Downtown Hammond merchant Marsha Adams, owner of Bayou Booksellers, offers a perfect example of cultural events driving the economy. “The Columbia Theatre and Fanfare have a direct impact on my business. It pulls people in from out of town. On the days of shows, people come in and browse. If the show is an evening performance, the patrons return at a later date to shop. The Columbia Theatre is also a great landmark to be near. It makes it easy for shoppers to locate my store.”
Southeastern Louisiana University offers many cultural events that help drive Hammond’s cultural economy. The Downtown Development District sponsors events such as Starry November Night. The Hammond Regional Art Center, located across from the Columbia Theatre, holds monthly art exhibits and sponsors children’s art education programs.
Ponchatoula
Ponchatoula is doing its part to infuse the local cultural economy, as well. The town is home to the Louisiana Furniture Gallery. The name might suggest another discount furniture outlet, but don’t let it fool you. It’s the outlet for members of the Louisiana Furnishings Industry Association, a non-profit group which was started by the state as a means to promote the secondary forest products industry. The goal is to produce value-added products from Louisiana resources, rather than ship raw timber out of state to be made into furniture and returned here for sale.

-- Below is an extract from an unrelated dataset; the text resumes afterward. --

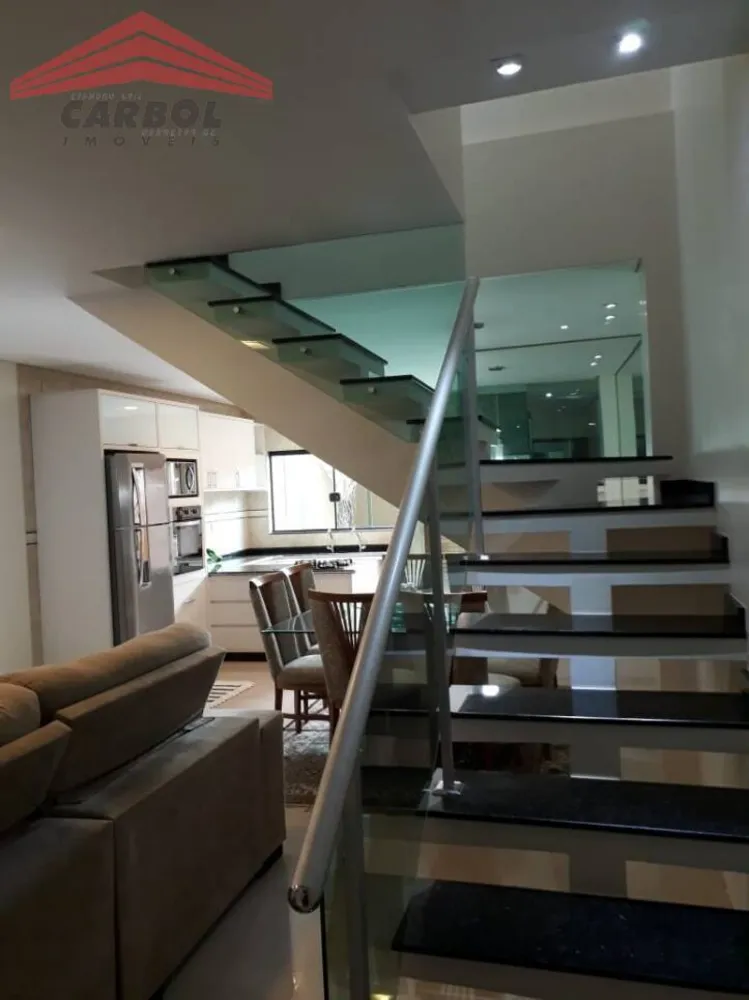 Casa, 3 quartos, 225 m² - Foto 2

Carol Siekkinen runs the gallery, which also presents works by Louisiana artists along with the locally made furniture and crafts. It is home to recent Inside Northside cover artist Bill Hemmerling, whose work draws in customers who discover the other artists and craftspeople featured there.

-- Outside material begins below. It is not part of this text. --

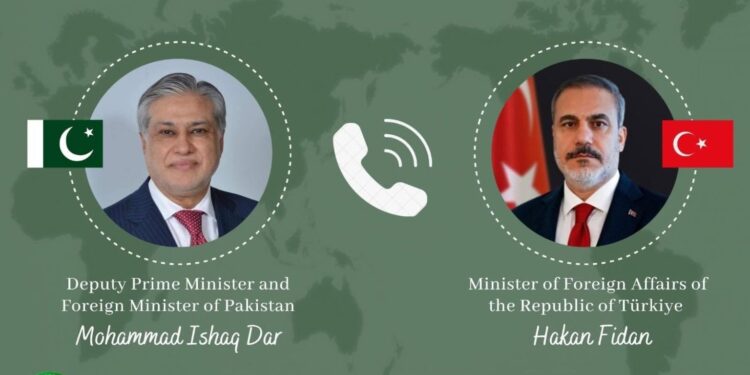نائب وزیراعظم محمد اسحاق ڈار کی ترک وزیر خارجہ ہاکان فیدان سے ٹیلیفونک گفتگو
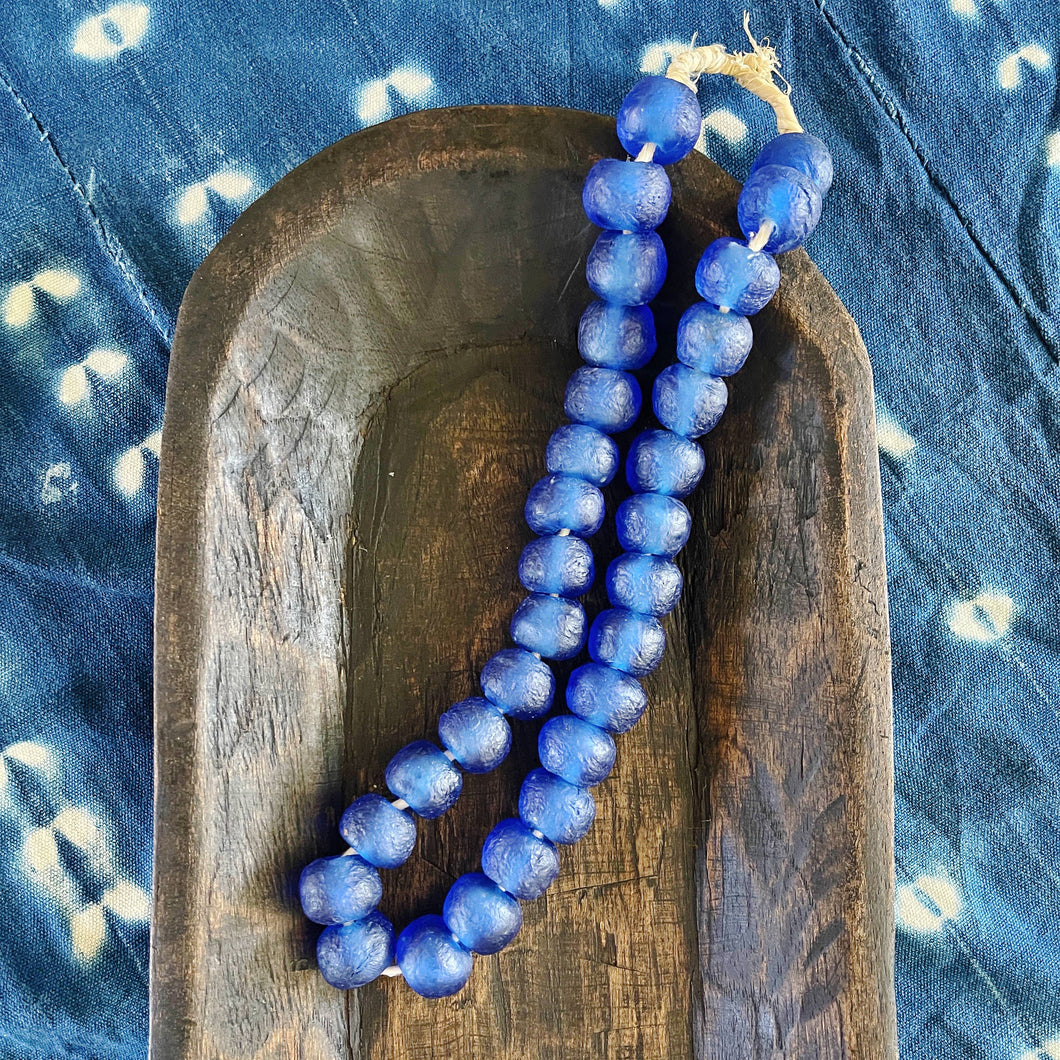 Hand-Made Glass Beads - Blue color - Medium - Ghana, Africa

The gallery sold much furniture after the storm as people bought new homes and replaced lost items. Katrina also influenced the craft works in the gallery. Woodworker P.J. Hines turns extraordinary wooden bowls, vases and sculpture from trees knocked down by the storm. Bill Boesch, who lost his home and shop to Katrina, is back, building furniture from architectural materials salvaged from storm debris. “After the storm, it felt like we were in counseling,” Siekkinen says of the gallery’s friendly atmosphere. “Displaced people were looking for comfort. They would tell us they’d like to buy some art, but they didn’t have any walls. We’d give them a cup of coffee and listen.”
Silver Lining
The northshore’s cultural scene is in a state of positive change. New people, new money and new construction are driving demand for art. Communities still recovering from Katrina’s after-effects all report record attendance at cultural events. Joey France, director of the Hammond Regional Arts Center, summed it up perfectly. “People are looking for an outlet, for positive things to do. The arts are perfect for that; they are based on dreams.”